The trip is a simple one consisting of ferrying some building materials to an outpost to make space travel easier. It’s going to take four years to get there and four years to get back with most of the crew resting in cryostasis, with one member staying awake during eight months shifts to monitor things. There is a little issue going on in this future as there is a terrorist group blowing up stuff because they are opposed to the technology that has taken over the human way of life. Of course it seems to us that this technology is the only thing keeping the humans alive, but who are we to argue with terrorist lunatics?

We mention these terrorist because now every ship, even simple rickety transports such as The Kassandra, requires the presence of a Sky Marshall, and this introduces us to Officer Samuel Decker (Martin Rappold) who will be monitoring things on this particular mission.

The problems begin on this mission during Laura’s shift out of cryo. She hears strange things, sees strange things and she is convinced that somebody else is running around on this ship. This prompts her to wake up the Captain (Pierre Semler), who is mighty pissed off about this, and along with Officer Decker they begin to investigate. What they discover is that something strange is definitely going on. Now the whole crew is awake trying to find out what is going down on this allegedly simple transport mission.

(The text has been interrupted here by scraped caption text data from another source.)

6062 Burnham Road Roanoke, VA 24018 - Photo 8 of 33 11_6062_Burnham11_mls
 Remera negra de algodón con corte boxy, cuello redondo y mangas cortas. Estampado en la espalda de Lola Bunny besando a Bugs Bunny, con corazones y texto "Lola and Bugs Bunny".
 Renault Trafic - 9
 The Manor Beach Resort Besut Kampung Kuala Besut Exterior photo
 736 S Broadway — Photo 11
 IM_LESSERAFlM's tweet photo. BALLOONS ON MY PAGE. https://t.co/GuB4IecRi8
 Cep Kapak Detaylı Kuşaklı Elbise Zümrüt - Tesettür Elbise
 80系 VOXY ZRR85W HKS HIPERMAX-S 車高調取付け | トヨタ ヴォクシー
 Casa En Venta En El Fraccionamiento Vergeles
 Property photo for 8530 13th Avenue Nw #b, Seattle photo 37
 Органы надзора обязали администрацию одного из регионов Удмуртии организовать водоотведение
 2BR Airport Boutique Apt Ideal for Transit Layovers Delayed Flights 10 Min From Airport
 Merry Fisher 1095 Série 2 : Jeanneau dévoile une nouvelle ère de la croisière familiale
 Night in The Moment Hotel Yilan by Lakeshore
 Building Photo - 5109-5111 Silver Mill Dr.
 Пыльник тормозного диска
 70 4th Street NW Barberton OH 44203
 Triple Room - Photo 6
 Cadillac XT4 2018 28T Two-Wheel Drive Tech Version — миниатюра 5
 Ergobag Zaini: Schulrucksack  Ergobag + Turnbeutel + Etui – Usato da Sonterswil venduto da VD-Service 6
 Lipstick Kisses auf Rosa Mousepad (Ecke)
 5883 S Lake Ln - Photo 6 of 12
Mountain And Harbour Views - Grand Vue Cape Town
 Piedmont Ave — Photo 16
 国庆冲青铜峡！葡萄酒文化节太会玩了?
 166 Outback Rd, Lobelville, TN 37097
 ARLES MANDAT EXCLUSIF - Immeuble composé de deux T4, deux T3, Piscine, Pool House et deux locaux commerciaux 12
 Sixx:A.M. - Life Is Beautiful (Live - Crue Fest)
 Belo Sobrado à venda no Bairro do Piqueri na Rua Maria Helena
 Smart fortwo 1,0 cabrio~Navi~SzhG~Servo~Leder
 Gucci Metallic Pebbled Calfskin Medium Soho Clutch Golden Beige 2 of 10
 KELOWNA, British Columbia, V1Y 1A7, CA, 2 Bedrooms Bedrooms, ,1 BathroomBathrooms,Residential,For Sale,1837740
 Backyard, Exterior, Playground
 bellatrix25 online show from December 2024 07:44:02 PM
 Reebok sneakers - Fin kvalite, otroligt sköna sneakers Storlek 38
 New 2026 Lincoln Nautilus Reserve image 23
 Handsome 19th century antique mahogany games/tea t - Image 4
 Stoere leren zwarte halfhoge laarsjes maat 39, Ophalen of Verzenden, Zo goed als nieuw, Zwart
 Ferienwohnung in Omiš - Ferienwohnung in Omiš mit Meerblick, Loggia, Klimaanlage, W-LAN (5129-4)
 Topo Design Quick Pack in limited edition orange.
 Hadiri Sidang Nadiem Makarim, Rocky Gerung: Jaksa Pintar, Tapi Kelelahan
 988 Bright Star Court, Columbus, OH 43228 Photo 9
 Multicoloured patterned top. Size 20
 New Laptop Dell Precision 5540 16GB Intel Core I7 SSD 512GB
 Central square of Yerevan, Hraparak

Whatever is happening, it’s not good. Or maybe it is depending on where you stand in regards to these particular events and corporate control. Just throwing that out there.

Directed by Ivan Engler and Ralph Etter, ‘Cargo’ is an impressive achievement in that the reported budget for this film is reported to be around four million American dollars. That’s insane when you observe what these two gentlemen were able to deliver in a film that looks this good for that relatively tiny amount of coin. Even though it’s apples and oranges, it’s too bad that American filmmakers haven’t been able to achieve this same level of ambitious cinematic sophistication on such a small amount of money. We stand up and applaud their achievements.

However, I think we all are aware that creating an impressive looking movie doesn’t necessarily make for a good movie and as far as that goes in regards to ‘Cargo’, it is an interesting, if not a somewhat flawed, movie watching experience.

Since many of us are going into this film not knowing exactly what it’s about, it is very engaging to watch it develop. At first it feels as if there’s some kind of creature on board the ship, ala ‘Alien’, with the directors making maximum use of the creaky nature and oppressive sounds that the old vessel puts out. But eventually we get to the real story which more along the lines of a conspiracy of sorts similar to another science fiction movie we can’t mention because it gives away the twist. But the thing about this twist is that it’s revealed halfway through the movie which I think might eliminate it from actually being a twist and just make it a regular old plot point. Nonetheless, we don’t have a mystery any more but instead we have fairly run of the mill action adventure, in space, and this is probably where ‘Cargo’ was the least effective. It also didn’t help that the majority of the plot elements were back loaded into this final act which caused things to get a little jumbled as there were so many different elements to sift through. It’s not overly confusing or complicated or anything along those lines, just unnecessarily busy. Also the movie probably doesn’t hold up all that well to too much post film critical thinking since there are a few plot holes here and there which could spoil the experience, so don’t do that.

But all that being said, I absolutely enjoyed the time I spent watching ‘Cargo’ and I had no idea what the budget was for this movie before I sat down to watch it. The film had atmosphere to burn, some fine performances from the cast and an engaging if not somewhat familiar story arc. If you enjoy watching Science Fiction movies of any type, I can’t guarantee you’ll enjoy ‘Cargo’, but I do believe you would be disappointed if you allowed it to pass you by.